Page MenuHomePhabricator

Port application-specific metrics from ganglia to prometheus
Closed, ResolvedPublic

Description

Machine-level metrics are covered in prometheus by node_exporter (tracked in T140646) though we also have application-specific metrics deployed in ganglia.
For prometheus to be a viable replacement for ganglia we'd have to have at least the same metrics (if not better) in prometheus too.

See also https://wikitech.wikimedia.org/wiki/Prometheus#Replacing_Ganglia for a list of ganglia plugins we are currently deploying. I'm listing below the ones I think are more important/urgent to have:

  • varnish
  • gdnsd
  • apache
  • vhtcpd
  • hhvm
  • memcache
  • redis (see T177196)
  • postgresql (see T177196)

The list of rrds updated in the last 30d in P4571 and their current status.

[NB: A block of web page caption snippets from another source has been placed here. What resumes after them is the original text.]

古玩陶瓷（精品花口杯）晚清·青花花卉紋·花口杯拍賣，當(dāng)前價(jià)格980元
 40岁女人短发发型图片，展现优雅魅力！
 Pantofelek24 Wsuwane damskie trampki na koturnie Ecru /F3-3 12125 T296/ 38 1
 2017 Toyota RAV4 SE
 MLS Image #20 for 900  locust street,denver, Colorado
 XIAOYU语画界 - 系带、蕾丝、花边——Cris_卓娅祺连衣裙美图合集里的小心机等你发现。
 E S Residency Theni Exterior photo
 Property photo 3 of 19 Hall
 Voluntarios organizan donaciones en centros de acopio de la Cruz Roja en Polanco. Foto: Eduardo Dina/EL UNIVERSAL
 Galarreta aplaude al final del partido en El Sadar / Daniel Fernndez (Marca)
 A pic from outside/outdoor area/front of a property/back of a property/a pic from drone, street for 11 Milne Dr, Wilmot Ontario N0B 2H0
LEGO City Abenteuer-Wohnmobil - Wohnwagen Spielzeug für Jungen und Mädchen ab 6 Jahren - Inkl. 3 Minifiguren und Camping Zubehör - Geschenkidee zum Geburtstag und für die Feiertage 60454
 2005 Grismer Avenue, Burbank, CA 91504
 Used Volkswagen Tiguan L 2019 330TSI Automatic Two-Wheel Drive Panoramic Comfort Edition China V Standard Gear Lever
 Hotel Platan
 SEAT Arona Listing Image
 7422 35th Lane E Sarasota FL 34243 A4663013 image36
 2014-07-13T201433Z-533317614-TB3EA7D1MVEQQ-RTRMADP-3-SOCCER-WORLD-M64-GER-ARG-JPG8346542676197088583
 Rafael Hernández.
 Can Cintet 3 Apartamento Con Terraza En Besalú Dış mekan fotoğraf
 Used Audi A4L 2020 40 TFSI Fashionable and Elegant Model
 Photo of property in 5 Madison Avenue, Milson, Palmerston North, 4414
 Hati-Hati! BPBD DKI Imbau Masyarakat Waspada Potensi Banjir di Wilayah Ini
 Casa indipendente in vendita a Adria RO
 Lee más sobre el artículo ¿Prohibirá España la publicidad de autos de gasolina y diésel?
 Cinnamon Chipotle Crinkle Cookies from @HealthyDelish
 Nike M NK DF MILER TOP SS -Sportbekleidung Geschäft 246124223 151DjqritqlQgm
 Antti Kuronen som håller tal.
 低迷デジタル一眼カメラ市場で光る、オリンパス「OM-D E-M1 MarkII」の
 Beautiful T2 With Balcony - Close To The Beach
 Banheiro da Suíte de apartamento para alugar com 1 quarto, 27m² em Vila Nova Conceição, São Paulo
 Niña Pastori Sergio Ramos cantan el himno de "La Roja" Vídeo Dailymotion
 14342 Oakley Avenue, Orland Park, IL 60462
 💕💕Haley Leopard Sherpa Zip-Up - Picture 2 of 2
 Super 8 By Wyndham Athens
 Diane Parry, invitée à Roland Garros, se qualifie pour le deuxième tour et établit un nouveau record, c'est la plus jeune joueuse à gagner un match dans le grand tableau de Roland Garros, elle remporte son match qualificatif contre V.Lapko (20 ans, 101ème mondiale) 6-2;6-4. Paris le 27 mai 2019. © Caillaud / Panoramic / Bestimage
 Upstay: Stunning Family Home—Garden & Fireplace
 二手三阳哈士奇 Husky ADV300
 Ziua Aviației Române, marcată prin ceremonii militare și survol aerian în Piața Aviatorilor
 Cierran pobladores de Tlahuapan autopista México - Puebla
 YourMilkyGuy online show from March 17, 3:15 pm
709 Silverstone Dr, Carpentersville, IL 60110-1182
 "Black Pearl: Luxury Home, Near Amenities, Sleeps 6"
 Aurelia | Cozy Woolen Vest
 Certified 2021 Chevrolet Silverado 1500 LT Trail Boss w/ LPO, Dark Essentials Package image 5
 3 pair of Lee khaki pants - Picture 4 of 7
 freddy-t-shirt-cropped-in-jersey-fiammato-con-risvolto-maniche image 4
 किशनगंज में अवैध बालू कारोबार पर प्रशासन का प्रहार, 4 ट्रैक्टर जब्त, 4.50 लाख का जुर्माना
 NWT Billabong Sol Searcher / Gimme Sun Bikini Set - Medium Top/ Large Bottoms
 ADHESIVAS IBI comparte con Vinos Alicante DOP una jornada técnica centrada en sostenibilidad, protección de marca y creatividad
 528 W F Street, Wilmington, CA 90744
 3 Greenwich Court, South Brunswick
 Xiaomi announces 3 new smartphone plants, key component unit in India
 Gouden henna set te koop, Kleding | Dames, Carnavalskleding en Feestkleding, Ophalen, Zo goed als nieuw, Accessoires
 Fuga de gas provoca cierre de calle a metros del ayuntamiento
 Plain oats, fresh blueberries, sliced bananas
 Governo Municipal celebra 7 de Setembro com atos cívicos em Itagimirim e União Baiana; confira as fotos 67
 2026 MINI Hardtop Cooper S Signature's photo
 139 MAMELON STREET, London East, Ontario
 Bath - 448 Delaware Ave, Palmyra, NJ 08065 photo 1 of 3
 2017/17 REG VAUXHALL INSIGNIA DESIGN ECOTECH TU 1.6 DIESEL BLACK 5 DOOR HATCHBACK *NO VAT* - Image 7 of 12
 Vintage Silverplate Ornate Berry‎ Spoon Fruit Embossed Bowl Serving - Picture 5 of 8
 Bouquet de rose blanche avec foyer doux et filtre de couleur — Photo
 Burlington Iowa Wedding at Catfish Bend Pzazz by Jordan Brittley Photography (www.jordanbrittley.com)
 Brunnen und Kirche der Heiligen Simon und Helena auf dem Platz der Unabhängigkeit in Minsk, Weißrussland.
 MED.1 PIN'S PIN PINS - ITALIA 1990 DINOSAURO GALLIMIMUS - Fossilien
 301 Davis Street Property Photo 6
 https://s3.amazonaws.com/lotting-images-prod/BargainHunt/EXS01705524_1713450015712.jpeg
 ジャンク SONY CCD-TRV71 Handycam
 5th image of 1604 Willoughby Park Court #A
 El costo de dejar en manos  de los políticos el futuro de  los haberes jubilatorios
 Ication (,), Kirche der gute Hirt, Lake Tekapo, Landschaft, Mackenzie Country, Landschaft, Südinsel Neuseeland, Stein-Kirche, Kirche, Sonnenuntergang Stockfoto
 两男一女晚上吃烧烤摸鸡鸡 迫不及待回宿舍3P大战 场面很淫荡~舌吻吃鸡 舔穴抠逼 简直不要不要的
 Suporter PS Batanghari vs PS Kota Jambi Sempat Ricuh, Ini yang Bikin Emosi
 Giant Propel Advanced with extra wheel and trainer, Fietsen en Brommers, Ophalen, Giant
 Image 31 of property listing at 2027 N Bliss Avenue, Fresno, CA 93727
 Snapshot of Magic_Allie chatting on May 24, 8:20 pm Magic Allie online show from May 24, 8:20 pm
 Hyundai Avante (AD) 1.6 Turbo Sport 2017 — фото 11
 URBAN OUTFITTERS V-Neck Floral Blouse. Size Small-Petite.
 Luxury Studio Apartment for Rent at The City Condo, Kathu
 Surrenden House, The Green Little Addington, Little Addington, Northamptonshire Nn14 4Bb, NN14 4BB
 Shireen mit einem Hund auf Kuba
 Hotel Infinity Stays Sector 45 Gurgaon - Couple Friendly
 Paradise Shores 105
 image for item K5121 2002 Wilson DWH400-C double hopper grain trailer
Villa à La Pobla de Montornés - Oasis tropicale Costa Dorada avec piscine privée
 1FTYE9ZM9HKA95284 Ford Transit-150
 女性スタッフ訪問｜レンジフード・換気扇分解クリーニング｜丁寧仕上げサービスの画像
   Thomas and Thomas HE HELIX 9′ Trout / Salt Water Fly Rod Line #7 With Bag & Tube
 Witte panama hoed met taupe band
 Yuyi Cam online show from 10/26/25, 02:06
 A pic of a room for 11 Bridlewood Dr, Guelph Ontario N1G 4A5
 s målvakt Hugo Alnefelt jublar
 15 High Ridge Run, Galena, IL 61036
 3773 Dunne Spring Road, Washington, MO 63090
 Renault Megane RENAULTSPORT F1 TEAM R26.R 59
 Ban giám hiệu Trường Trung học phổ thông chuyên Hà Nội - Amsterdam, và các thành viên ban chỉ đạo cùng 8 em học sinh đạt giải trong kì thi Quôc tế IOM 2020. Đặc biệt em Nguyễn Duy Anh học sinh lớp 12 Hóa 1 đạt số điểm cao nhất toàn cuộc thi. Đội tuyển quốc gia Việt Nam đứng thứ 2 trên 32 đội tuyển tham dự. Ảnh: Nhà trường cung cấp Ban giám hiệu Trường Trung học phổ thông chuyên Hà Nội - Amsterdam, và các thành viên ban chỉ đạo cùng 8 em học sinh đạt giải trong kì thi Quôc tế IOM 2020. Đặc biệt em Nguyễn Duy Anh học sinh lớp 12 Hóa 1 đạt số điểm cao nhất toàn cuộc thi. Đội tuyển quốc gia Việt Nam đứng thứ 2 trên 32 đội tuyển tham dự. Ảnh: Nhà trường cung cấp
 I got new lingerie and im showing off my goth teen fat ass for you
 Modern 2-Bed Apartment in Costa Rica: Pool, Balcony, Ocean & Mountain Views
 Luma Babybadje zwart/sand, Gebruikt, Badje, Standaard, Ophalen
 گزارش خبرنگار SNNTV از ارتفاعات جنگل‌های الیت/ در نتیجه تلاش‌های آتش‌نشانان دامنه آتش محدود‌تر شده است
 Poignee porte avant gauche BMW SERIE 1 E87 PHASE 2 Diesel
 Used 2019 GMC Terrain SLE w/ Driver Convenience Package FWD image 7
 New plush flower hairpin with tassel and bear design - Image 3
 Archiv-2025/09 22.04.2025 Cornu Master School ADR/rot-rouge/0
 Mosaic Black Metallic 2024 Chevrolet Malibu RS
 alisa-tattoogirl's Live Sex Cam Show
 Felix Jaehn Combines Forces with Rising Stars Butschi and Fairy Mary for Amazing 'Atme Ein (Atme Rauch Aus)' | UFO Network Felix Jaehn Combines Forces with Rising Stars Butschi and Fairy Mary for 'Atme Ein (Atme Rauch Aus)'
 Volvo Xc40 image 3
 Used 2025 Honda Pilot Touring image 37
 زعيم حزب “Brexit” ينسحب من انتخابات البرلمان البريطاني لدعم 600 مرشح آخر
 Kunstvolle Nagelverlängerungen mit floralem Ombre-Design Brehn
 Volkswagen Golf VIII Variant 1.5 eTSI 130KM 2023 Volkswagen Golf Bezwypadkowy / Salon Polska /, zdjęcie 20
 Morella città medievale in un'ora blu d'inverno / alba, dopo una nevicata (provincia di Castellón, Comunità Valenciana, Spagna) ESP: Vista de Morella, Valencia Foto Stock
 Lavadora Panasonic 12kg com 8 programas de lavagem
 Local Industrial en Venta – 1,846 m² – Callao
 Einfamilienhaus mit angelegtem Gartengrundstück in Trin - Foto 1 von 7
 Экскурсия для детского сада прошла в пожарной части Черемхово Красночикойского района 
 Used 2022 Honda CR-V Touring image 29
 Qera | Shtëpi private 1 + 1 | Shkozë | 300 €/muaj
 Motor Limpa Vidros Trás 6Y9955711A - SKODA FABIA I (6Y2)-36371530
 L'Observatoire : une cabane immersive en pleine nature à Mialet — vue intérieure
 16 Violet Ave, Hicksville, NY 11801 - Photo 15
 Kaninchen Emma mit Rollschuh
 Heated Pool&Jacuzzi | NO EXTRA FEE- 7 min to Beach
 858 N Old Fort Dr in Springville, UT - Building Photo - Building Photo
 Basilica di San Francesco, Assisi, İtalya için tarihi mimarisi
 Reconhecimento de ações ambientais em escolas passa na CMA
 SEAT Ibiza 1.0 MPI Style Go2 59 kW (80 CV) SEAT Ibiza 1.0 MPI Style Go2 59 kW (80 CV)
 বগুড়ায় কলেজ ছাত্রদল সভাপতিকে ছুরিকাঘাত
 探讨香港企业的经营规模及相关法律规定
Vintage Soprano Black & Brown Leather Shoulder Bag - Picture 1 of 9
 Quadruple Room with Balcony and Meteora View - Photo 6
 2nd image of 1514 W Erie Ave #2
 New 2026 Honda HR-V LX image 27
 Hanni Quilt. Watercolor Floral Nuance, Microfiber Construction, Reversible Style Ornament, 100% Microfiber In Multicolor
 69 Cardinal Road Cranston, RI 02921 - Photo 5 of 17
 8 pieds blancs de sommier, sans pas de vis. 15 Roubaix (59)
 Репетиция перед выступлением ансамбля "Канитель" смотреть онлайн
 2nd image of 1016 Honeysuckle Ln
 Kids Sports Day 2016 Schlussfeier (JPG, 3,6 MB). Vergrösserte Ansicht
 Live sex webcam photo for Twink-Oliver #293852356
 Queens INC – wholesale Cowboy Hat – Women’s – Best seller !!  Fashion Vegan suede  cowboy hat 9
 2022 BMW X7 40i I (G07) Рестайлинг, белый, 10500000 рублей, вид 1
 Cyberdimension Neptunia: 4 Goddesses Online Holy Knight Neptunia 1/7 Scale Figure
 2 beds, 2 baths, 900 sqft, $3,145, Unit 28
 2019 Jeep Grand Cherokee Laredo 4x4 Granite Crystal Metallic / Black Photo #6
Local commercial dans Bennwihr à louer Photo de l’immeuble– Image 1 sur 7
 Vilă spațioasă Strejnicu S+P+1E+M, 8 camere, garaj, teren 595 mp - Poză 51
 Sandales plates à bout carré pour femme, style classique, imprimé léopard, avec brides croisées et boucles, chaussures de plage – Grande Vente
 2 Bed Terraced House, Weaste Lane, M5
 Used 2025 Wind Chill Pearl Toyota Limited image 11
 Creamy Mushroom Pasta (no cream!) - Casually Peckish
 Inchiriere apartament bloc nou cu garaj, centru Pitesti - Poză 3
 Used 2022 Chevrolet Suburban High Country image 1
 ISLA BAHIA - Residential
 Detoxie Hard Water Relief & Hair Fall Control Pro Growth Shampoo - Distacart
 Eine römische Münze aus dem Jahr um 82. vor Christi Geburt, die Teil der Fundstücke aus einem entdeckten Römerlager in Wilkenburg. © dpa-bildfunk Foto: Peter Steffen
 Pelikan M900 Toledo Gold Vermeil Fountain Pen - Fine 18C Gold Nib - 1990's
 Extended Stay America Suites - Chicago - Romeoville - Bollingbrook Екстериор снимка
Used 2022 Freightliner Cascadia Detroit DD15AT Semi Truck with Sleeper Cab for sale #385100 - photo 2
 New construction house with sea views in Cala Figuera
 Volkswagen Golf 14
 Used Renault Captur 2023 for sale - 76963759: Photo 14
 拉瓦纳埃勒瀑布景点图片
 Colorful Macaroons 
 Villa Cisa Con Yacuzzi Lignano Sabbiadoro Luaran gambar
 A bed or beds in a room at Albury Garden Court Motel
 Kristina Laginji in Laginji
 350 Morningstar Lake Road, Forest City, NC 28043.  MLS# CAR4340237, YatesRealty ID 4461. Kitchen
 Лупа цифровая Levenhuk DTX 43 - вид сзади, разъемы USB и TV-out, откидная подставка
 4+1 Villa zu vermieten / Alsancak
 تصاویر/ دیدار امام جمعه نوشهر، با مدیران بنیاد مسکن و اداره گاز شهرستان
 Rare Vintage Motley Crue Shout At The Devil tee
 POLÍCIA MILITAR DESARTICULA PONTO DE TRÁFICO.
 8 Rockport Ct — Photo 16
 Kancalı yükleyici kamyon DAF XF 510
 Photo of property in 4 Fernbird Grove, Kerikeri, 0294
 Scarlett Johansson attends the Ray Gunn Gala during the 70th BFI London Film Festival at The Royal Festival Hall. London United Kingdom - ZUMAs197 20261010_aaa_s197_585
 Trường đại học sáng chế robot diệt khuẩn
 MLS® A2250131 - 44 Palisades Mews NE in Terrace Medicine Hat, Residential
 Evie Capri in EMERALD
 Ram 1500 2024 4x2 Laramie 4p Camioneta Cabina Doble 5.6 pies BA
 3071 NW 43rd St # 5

  • fundraising-related stats for misc queues and donations T152562
  • cirrussearch slow log rate, in graphite via logstash
  • apache mod_socache_shmcb stats, we don't seem to use mod_socache anyway
  • elasticsearch stats, afaict those are in graphite already
  • exim, can be done with diamond/graphite or in prometheus via node_exporter (see T177196)
  • jenkins TODO? some stats might be already in graphite
  • kafka, in graphite
  • varnishkafka, in graphite
  • osm sync lag from /srv/osmosis/state.txt
  • powerdns, in graphite via diamond

Event Timeline

Change 310557 had a related patch set uploaded (by Filippo Giunchedi):
prometheus: add varnish_exporter

https://gerrit.wikimedia.org/r/310557

fgiunchedi renamed this task from port application-specific metrics from ganglia to prometheus to Port application-specific metrics from ganglia to prometheus.Oct 5 2016, 1:51 PM
fgiunchedi triaged this task as Medium priority.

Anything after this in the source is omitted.